In countries affected by fragility, conflict and violence, girls are 2.5 times more likely to be out of school than boys, and they are 90 percent more likely to be out of secondary school than those in non-conflict-impacted environments. Of deep concern is recent data indicating that approximately 60 million girls are sexually assaulted on their way to or at school every year.
Describing such abhorrent violence against girls as a travesty of all humankind, the ECW director also observed that the denial of education to girls in places like Afghanistan, the Democratic Republic of the Congo, Haiti, Yemen and beyond is in and of itself, is an act of violence.
“It is a moral affront to our collective efforts to build a more equal world and realize the Sustainable Development Goals by 2030. Education is our single best tool in our efforts to protect girls and women from violence. Safe and protective learning environments insulate girls from sexual assaults, childhood marriage, early pregnancy, forced labour and other senseless violations of their human rights.
“To achieve this, we must get every girl – everywhere – into safe learning environments. We must provide physical protection, including safe passage to and from school. We must advocate for cultural shifts that embrace girls as equals and support access to education from early childhood straight through to the university.
And we must advocate for legal protection and an end of impunity.

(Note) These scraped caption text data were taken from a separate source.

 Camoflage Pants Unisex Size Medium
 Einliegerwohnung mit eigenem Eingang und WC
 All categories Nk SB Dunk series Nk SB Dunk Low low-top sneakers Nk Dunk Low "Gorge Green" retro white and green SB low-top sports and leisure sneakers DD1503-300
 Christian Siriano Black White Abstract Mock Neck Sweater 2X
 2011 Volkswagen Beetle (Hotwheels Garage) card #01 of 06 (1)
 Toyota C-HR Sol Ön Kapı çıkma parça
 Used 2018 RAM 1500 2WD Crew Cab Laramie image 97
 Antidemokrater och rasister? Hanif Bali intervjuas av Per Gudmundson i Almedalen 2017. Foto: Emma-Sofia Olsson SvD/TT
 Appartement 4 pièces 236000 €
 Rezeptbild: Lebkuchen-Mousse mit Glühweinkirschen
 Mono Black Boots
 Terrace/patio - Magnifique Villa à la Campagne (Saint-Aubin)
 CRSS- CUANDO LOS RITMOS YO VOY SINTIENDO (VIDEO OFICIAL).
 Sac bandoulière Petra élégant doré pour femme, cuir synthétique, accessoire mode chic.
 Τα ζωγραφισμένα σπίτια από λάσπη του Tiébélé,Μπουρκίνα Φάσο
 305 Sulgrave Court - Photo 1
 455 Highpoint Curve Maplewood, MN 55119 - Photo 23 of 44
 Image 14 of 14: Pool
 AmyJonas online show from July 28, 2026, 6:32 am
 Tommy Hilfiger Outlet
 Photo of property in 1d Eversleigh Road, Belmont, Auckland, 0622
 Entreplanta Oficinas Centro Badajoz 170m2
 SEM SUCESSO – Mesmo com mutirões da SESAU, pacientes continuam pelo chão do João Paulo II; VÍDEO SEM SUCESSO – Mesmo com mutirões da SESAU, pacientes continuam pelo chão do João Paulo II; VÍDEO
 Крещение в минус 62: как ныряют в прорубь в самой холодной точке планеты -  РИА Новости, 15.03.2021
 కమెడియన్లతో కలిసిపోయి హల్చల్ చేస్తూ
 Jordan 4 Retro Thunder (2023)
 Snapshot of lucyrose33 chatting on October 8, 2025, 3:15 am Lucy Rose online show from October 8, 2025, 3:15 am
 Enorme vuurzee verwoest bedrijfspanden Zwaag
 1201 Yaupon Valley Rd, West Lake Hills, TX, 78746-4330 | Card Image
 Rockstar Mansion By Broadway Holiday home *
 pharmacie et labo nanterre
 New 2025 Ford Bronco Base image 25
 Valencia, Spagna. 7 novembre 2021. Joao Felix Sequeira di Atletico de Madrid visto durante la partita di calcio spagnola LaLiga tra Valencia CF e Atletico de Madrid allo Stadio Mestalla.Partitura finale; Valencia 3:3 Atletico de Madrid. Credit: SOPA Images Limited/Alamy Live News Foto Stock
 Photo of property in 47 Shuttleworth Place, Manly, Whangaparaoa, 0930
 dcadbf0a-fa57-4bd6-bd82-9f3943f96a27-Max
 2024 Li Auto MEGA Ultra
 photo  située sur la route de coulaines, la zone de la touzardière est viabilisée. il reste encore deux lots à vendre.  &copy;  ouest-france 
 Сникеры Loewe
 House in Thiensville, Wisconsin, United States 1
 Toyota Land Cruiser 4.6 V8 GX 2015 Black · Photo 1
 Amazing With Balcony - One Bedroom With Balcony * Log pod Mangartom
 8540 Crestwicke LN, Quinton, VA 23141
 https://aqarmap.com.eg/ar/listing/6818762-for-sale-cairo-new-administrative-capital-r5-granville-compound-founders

“At ECW, we include protection for girls as a central component in all our investments supporting joint programming in the education sector. World leaders, and public and private sector donors everywhere will have an opportunity to contribute to end violence against girls and adolescent girls, showing their support for girls’ education – and the power it has to end violence against girls – by committing funding support at the Education Cannot Wait High-Level Financing Conference on 16-17 February 2023 in Geneva”, she stressed.